*Assigned task*. What you need to produce is the complete listing, repeated exactly.

━━━━━ Extracted data

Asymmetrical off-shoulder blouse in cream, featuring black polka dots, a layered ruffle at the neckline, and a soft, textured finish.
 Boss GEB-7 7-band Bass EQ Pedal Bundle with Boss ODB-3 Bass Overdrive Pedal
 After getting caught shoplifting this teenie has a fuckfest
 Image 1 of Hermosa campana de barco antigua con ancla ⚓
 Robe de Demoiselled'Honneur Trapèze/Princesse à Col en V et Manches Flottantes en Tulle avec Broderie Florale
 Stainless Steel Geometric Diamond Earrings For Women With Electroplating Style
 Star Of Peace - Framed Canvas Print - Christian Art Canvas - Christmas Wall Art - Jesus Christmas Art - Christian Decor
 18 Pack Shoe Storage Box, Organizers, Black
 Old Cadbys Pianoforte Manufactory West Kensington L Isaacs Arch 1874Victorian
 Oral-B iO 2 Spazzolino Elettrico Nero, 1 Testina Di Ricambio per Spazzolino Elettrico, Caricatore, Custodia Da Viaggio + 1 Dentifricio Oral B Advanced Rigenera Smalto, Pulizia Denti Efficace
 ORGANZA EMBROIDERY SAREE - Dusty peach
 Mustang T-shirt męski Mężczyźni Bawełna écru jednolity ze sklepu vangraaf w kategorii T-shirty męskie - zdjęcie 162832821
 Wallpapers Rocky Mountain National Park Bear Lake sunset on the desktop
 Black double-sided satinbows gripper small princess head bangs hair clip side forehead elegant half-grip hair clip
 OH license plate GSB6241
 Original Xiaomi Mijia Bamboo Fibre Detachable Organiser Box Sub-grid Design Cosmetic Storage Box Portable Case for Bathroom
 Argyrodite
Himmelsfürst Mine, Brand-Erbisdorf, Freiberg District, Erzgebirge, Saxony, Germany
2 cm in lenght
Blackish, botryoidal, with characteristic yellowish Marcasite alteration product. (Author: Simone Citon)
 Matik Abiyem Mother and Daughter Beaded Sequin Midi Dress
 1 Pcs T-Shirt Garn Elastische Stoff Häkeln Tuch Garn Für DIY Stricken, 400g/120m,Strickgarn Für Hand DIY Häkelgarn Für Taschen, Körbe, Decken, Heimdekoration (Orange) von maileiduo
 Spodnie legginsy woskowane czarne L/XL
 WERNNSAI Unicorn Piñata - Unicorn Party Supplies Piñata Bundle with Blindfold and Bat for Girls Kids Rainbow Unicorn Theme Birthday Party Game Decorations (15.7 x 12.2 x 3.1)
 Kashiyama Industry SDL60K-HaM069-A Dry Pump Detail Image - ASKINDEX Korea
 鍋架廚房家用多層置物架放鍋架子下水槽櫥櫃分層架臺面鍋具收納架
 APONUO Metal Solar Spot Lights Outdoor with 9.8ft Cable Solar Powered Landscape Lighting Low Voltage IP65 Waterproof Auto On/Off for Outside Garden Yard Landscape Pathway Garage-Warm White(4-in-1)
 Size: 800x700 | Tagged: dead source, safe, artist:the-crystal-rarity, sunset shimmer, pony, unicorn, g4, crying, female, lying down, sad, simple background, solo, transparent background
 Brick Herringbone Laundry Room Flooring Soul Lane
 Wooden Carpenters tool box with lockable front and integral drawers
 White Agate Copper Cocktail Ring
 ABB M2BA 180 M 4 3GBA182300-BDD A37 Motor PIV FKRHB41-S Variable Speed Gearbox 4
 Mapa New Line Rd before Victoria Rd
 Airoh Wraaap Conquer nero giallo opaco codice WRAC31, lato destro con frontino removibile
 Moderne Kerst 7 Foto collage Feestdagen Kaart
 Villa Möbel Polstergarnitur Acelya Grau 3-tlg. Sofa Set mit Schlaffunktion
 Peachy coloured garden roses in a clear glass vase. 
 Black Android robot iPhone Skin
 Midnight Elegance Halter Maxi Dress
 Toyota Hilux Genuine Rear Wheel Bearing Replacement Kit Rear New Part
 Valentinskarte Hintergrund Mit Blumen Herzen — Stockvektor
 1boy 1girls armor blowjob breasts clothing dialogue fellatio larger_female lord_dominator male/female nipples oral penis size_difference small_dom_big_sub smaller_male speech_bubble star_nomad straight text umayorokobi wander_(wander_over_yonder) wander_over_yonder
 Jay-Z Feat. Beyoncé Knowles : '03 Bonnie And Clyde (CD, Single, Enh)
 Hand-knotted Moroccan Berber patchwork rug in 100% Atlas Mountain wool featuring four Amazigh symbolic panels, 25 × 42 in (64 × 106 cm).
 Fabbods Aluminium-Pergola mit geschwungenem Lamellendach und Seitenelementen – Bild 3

━━━━━━━━━━

*Solution to the exercise*.
Asymmetrical off-shoulder blouse in cream, featuring black polka dots, a layered ruffle at the neckline, and a soft, textured finish.
 Boss GEB-7 7-band Bass EQ Pedal Bundle with Boss ODB-3 Bass Overdrive Pedal
 After getting caught shoplifting this teenie has a fuckfest
 Image 1 of Hermosa campana de barco antigua con ancla ⚓
 Robe de Demoiselled'Honneur Trapèze/Princesse à Col en V et Manches Flottantes en Tulle avec Broderie Florale
 Stainless Steel Geometric Diamond Earrings For Women With Electroplating Style
 Star Of Peace - Framed Canvas Print - Christian Art Canvas - Christmas Wall Art - Jesus Christmas Art - Christian Decor
 18 Pack Shoe Storage Box, Organizers, Black
 Old Cadbys Pianoforte Manufactory West Kensington L Isaacs Arch 1874Victorian
 Oral-B iO 2 Spazzolino Elettrico Nero, 1 Testina Di Ricambio per Spazzolino Elettrico, Caricatore, Custodia Da Viaggio + 1 Dentifricio Oral B Advanced Rigenera Smalto, Pulizia Denti Efficace
 ORGANZA EMBROIDERY SAREE - Dusty peach
 Mustang T-shirt męski Mężczyźni Bawełna écru jednolity ze sklepu vangraaf w kategorii T-shirty męskie - zdjęcie 162832821
 Wallpapers Rocky Mountain National Park Bear Lake sunset on the desktop
 Black double-sided satinbows gripper small princess head bangs hair clip side forehead elegant half-grip hair clip
 OH license plate GSB6241
 Original Xiaomi Mijia Bamboo Fibre Detachable Organiser Box Sub-grid Design Cosmetic Storage Box Portable Case for Bathroom
 Argyrodite
Himmelsfürst Mine, Brand-Erbisdorf, Freiberg District, Erzgebirge, Saxony, Germany
2 cm in lenght
Blackish, botryoidal, with characteristic yellowish Marcasite alteration product. (Author: Simone Citon)
 Matik Abiyem Mother and Daughter Beaded Sequin Midi Dress
 1 Pcs T-Shirt Garn Elastische Stoff Häkeln Tuch Garn Für DIY Stricken, 400g/120m,Strickgarn Für Hand DIY Häkelgarn Für Taschen, Körbe, Decken, Heimdekoration (Orange) von maileiduo
 Spodnie legginsy woskowane czarne L/XL
 WERNNSAI Unicorn Piñata - Unicorn Party Supplies Piñata Bundle with Blindfold and Bat for Girls Kids Rainbow Unicorn Theme Birthday Party Game Decorations (15.7 x 12.2 x 3.1)
 Kashiyama Industry SDL60K-HaM069-A Dry Pump Detail Image - ASKINDEX Korea
 鍋架廚房家用多層置物架放鍋架子下水槽櫥櫃分層架臺面鍋具收納架
 APONUO Metal Solar Spot Lights Outdoor with 9.8ft Cable Solar Powered Landscape Lighting Low Voltage IP65 Waterproof Auto On/Off for Outside Garden Yard Landscape Pathway Garage-Warm White(4-in-1)
 Size: 800x700 | Tagged: dead source, safe, artist:the-crystal-rarity, sunset shimmer, pony, unicorn, g4, crying, female, lying down, sad, simple background, solo, transparent background
 Brick Herringbone Laundry Room Flooring Soul Lane
 Wooden Carpenters tool box with lockable front and integral drawers
 White Agate Copper Cocktail Ring
 ABB M2BA 180 M 4 3GBA182300-BDD A37 Motor PIV FKRHB41-S Variable Speed Gearbox 4
 Mapa New Line Rd before Victoria Rd
 Airoh Wraaap Conquer nero giallo opaco codice WRAC31, lato destro con frontino removibile
 Moderne Kerst 7 Foto collage Feestdagen Kaart
 Villa Möbel Polstergarnitur Acelya Grau 3-tlg. Sofa Set mit Schlaffunktion
 Peachy coloured garden roses in a clear glass vase. 
 Black Android robot iPhone Skin
 Midnight Elegance Halter Maxi Dress
 Toyota Hilux Genuine Rear Wheel Bearing Replacement Kit Rear New Part
 Valentinskarte Hintergrund Mit Blumen Herzen — Stockvektor
 1boy 1girls armor blowjob breasts clothing dialogue fellatio larger_female lord_dominator male/female nipples oral penis size_difference small_dom_big_sub smaller_male speech_bubble star_nomad straight text umayorokobi wander_(wander_over_yonder) wander_over_yonder
 Jay-Z Feat. Beyoncé Knowles : '03 Bonnie And Clyde (CD, Single, Enh)
 Hand-knotted Moroccan Berber patchwork rug in 100% Atlas Mountain wool featuring four Amazigh symbolic panels, 25 × 42 in (64 × 106 cm).
 Fabbods Aluminium-Pergola mit geschwungenem Lamellendach und Seitenelementen – Bild 3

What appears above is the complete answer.